President William Ruto was highly expectant as he heaped praise on the team led Energy CS David Chirchir by their ingenuity. To him, the dollar was to come down in months; expecting a low of less than Sh120 to the dollar. The plan was expected to impact on the forces of demand and supply.

However, it is now clear the dollar did not even stabilise but has kept dipping. The programme is one of the clearest indications that not everything works according to plan and even the best of programmes can turn into disasters. The dip continues to be felt.

One of the main contributing factors to current high price of fuel is definitely the dollar exchange rate which has dipped by nearly Sh30 in one year. While the Kenyan shilling has been dipping, the Zambian Kwacha has gained. From 2021 to 2022, the Kwacha had gained by close to 18.5 per cent, with Zambian President Hakainde Hichilema bringing down the cost of inflation from a high of 24.4 per cent to a low of 9.7 per cent.

Just like Kenya, Zambia is highly indebted and has to look towards the IMF for reprieve. The IMF gave them a 1.4 billion dollar bailout in addition to another 1.3 billion drawing rights as part of a debt restructuring agreement.

Though the Kwacha dipped marginally in 2023, it shows it is possible for an African currency to gain against the dollar.

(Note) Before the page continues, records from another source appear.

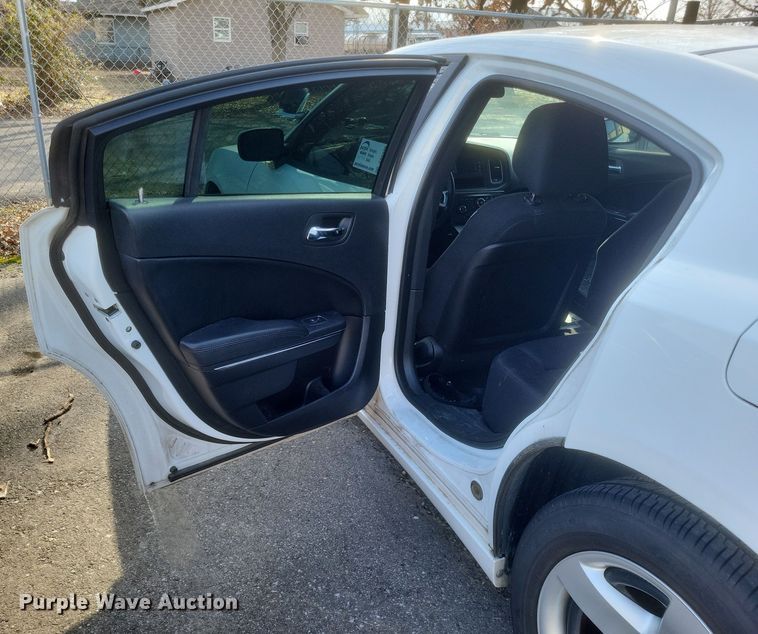 image for item DS5239 2013 Dodge Charger Police 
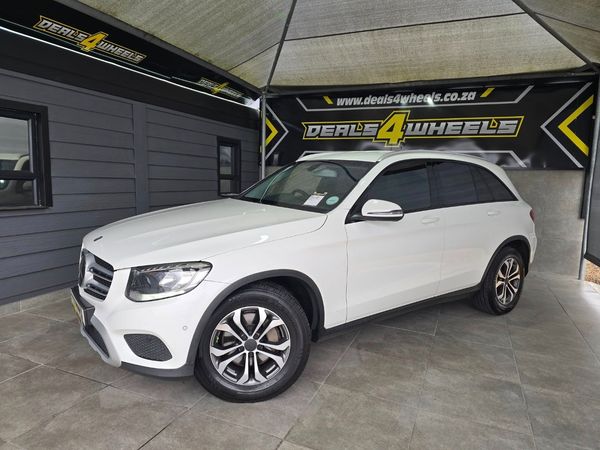 2016-Mercedes-Benz-GLC-220d image:3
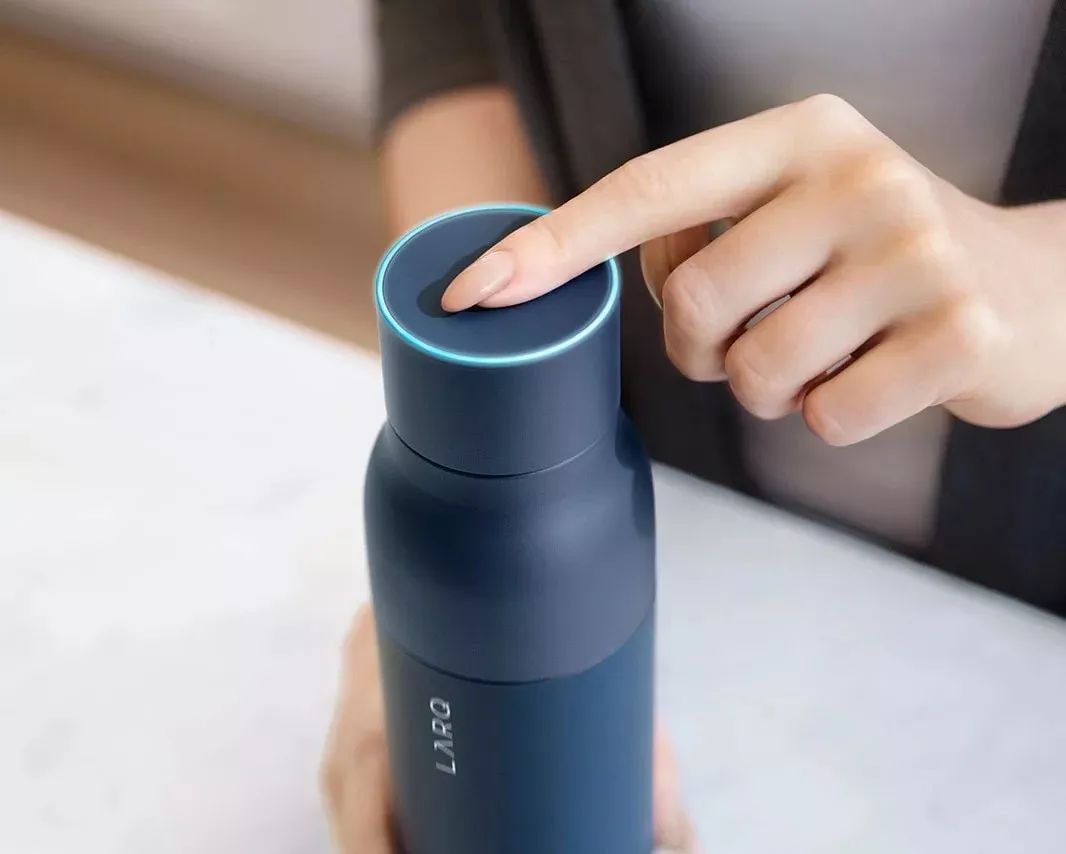 AMARACAMPIM's tweet photo. Just tried the new smart cup that tells you when to sip water—no more forgetting to hydrate! My daily energy level’s actually up ， https://t.co/kvnSZGzonz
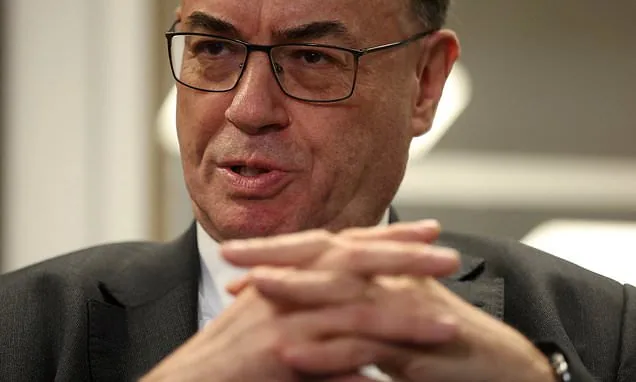 Bank of England chief warns Chancellor over budget risks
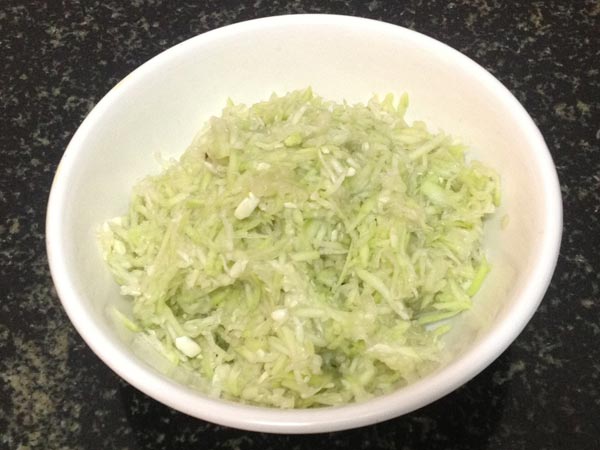 घिसी लौकी 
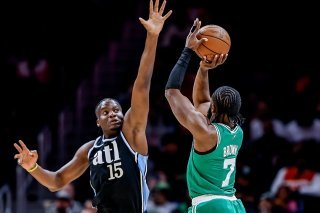 Capela (15) et les Hawks ont signé une improbable victoire face à Boston KEYSTONE/EPA/ERIK S. LESSER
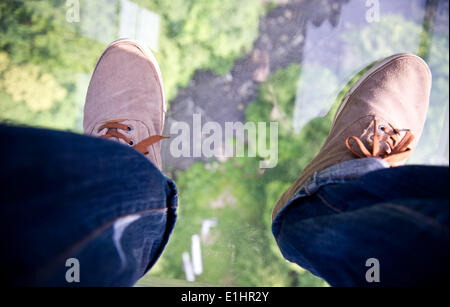 Thale, Deutschland. 4. Juni 2014. Der Bode-Fluss wird durch den Glasboden des Autos auf der Bode-Tal Gondelbahn in Thale, Deutschland, 4. Juni 2014 gesehen. Foto: DANIEL NAUPOLD/Dpa/Alamy Live News Stockfoto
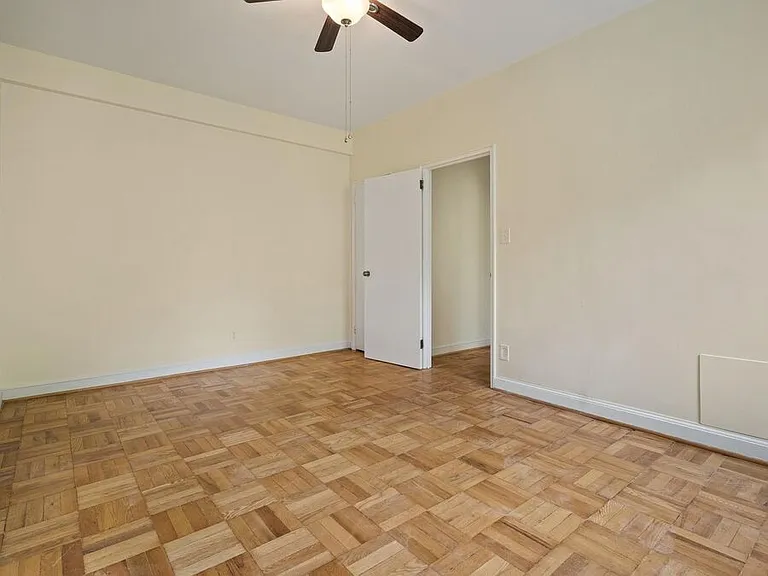2515 K St NW #609 — Photo 24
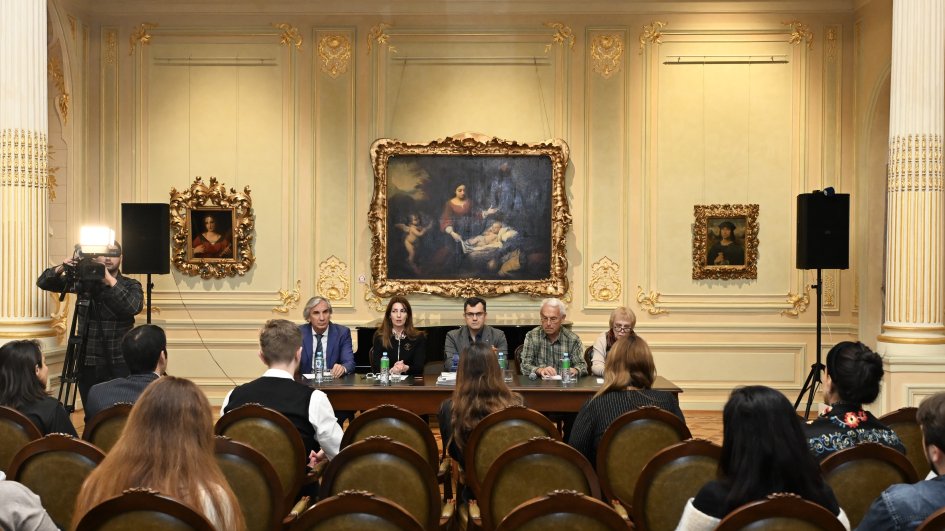 Bakıda “De Bur Sarayının kaminləri” layihəsinə həsr olunmuş mətbuat konfransı keçirilib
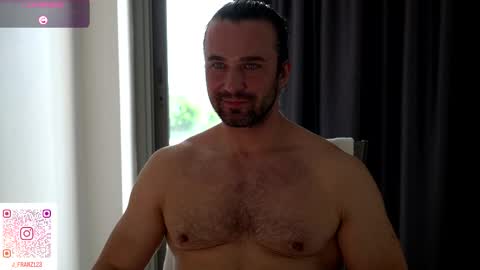 Snapshot of jonathanfranz123 chatting on October 31, 2:12 am jonathanfranz123 online show from October 31, 2:12 am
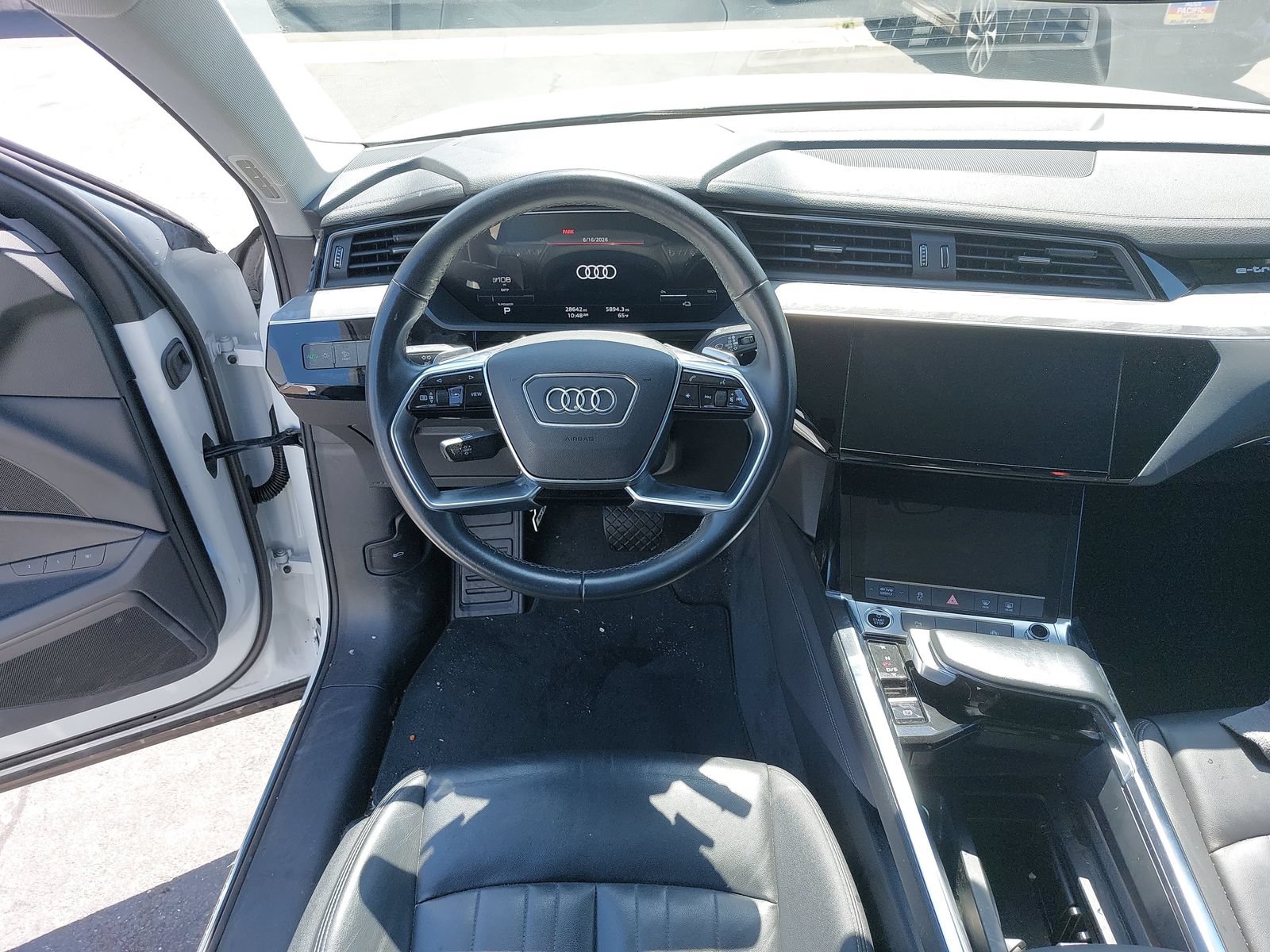 Certified 2023 Audi e-tron Premium AWD/4WD image 6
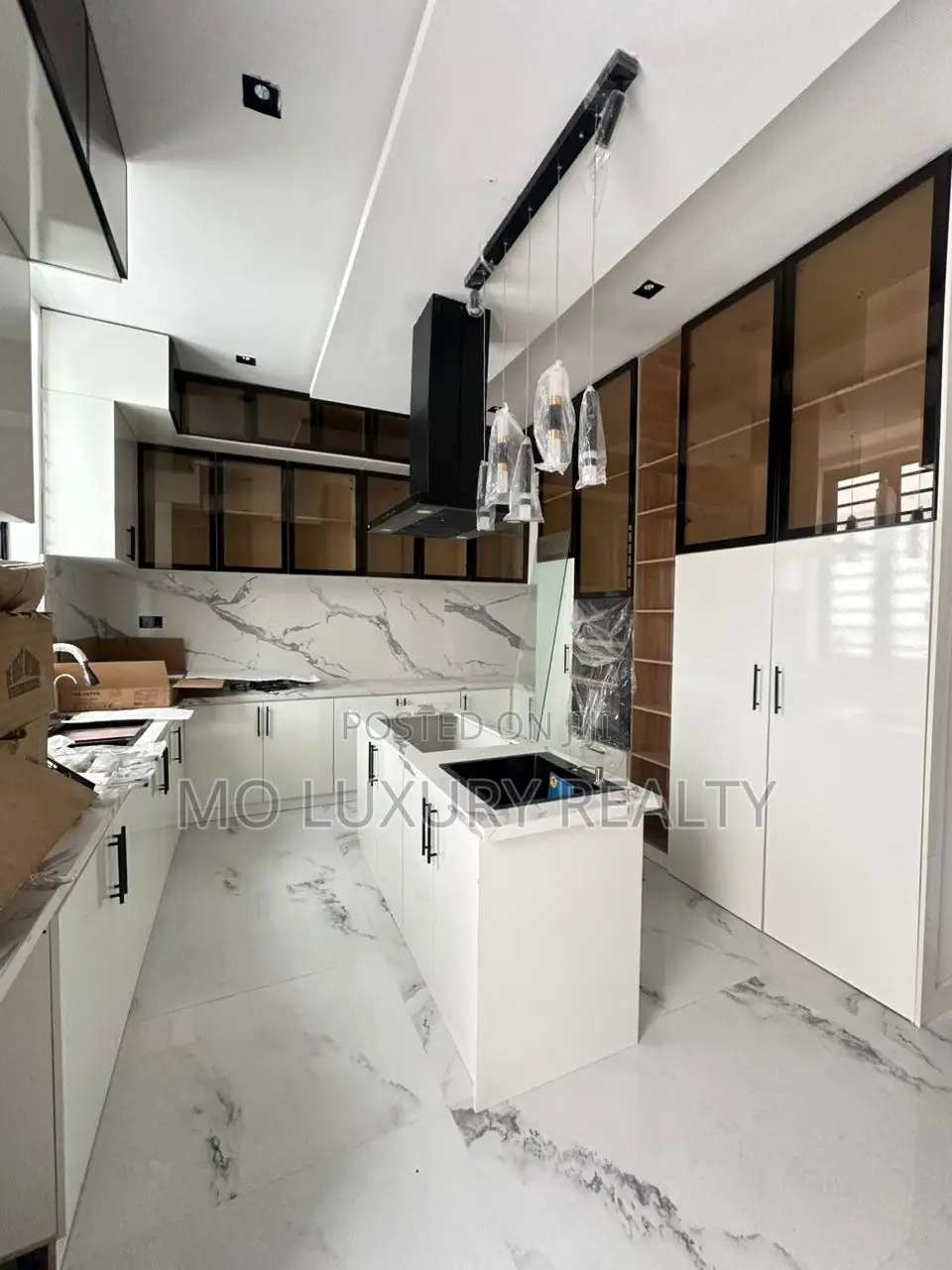 5bdrm Duplex in Lekki Phase 1 for sale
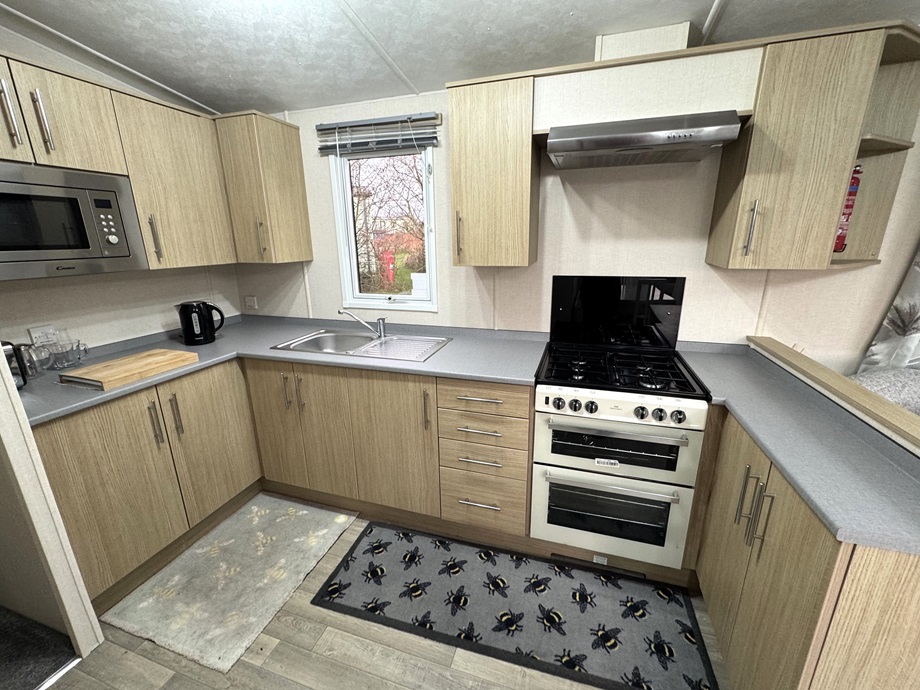 Victory Belmor kitchen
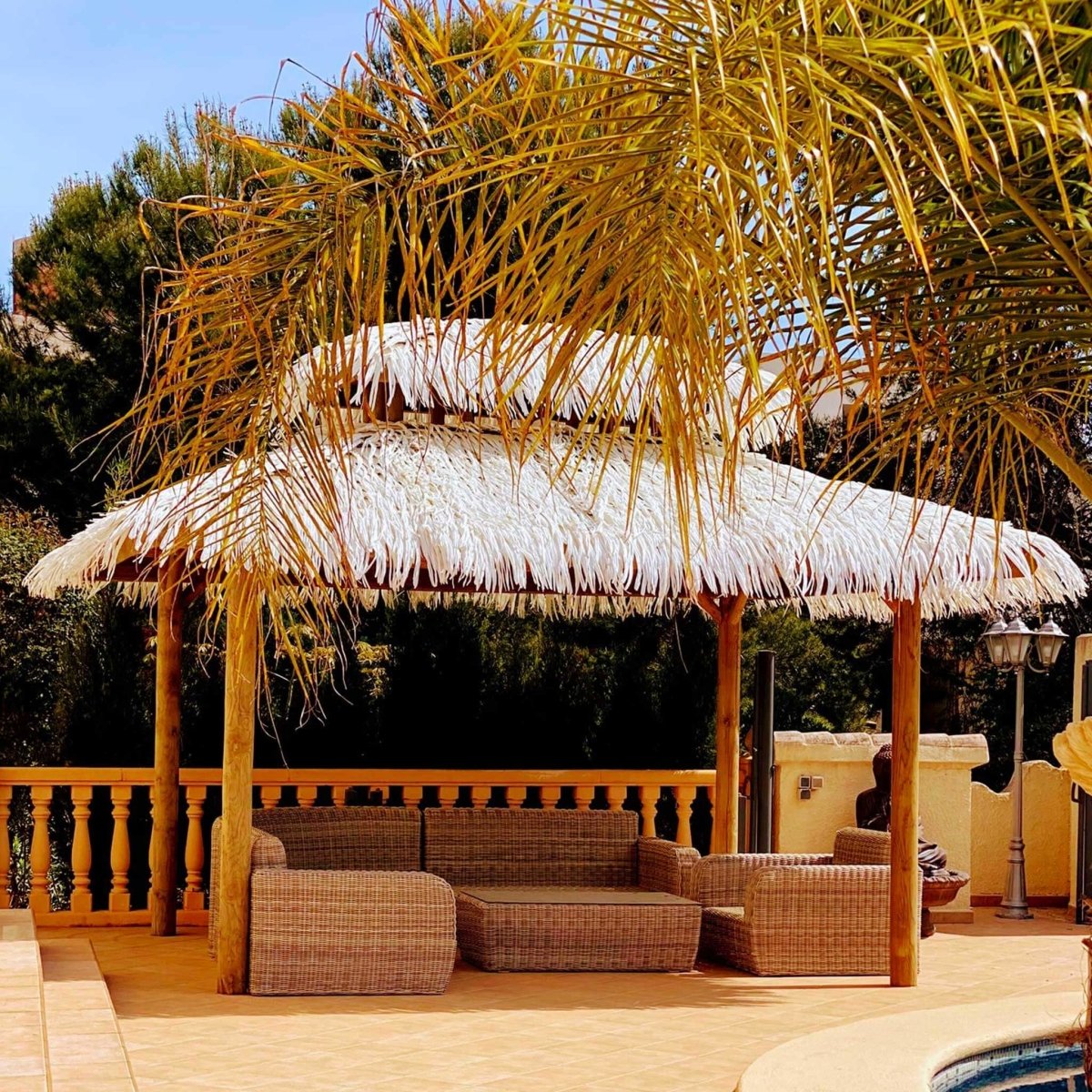 Pergola exotique avec une couverture en feuilles de palme blanche artificielle - Boutique Palmex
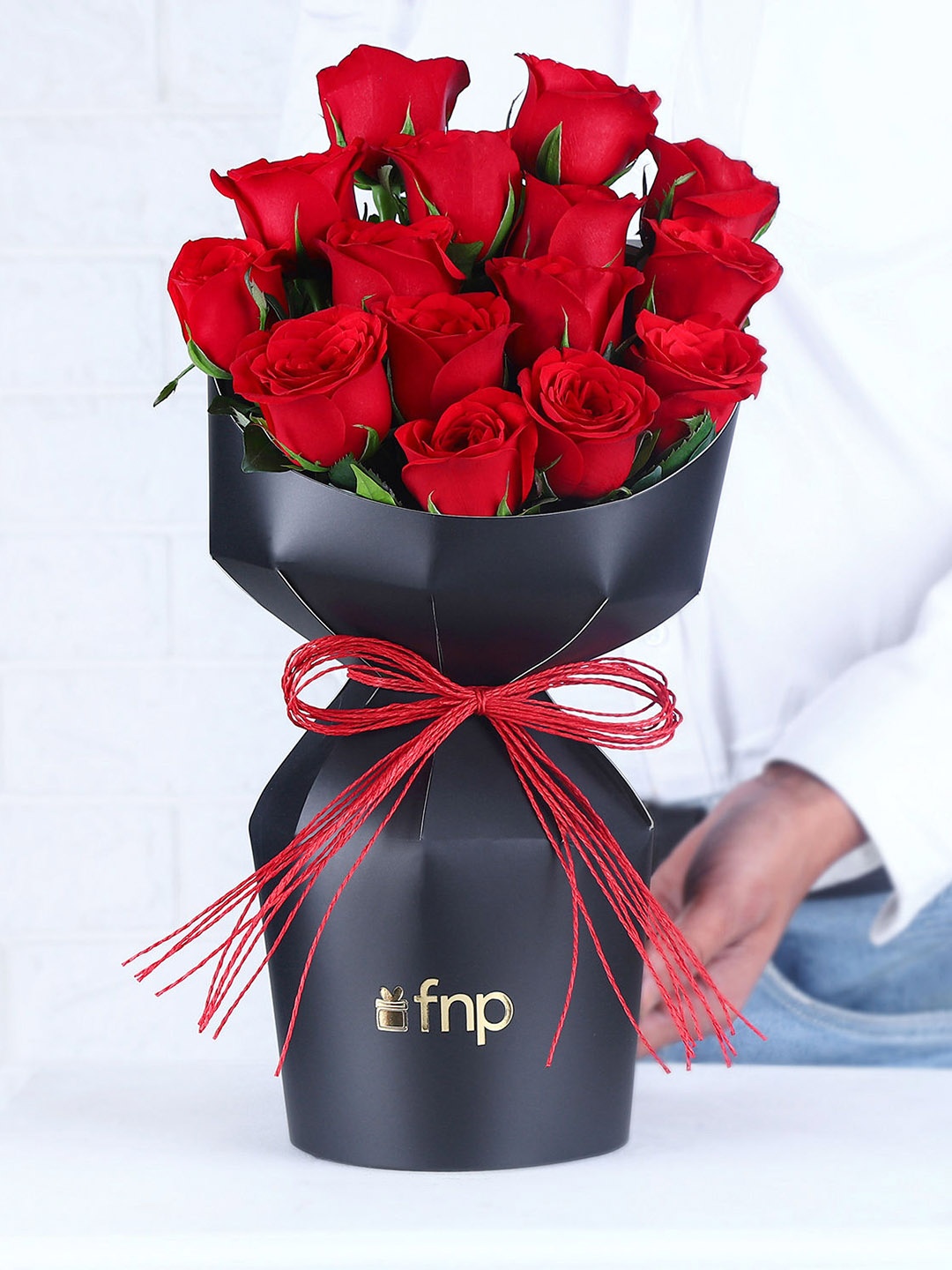 

fnp Red 15 Pieces Live Roses Flowers Bouquet Paired With Murraya Filler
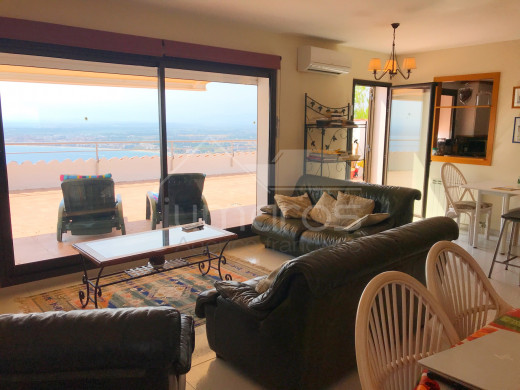 3 chambres, 49m2 terrasses, vue mer, piscine et 2 parkings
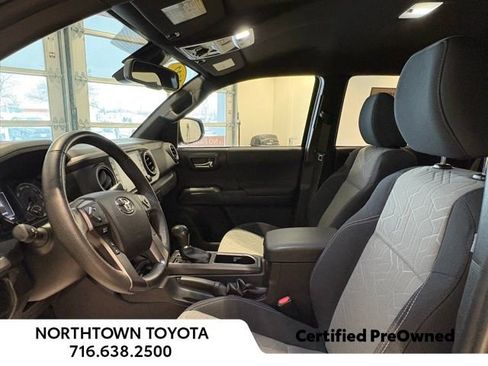 Used 2022 Toyota Tacoma TRD Off-Road image 6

Other than stabilising the cost of living, a strong currency means it can honour its loan obligations without having to incur forex exchange losses. Economists have opined that the dipping shilling will end being the undoing of our economy.

The quicker the government accepts the reality that an intervention is not working, the easier it becomes to re-evaluate and address undesired effects. The new fuel prices may be a new high for Kenya but in the international market that is normal. The oil prices per barrel hit quite some heights last year as the world shook off the last vestiges of Covid-19 pandemic. However, we still scraped through with a relatively lower exchange rate. On oil prices, we must admit there are too many taxes contributing to nearly 40 per cent of the price.

While to government, oil is a consumption good, the reality is it is a factor of production whose price can dip the shilling further. A currency thrives on producing more and importing less. 

However, in this case, industries that depend on oil for production are likely to produce less or stop production due to limited profit margins. The government can maximise the fuel stabilisation fund but in the long term, let the President make good his promise to relook at the 15 taxes in that space as he promised.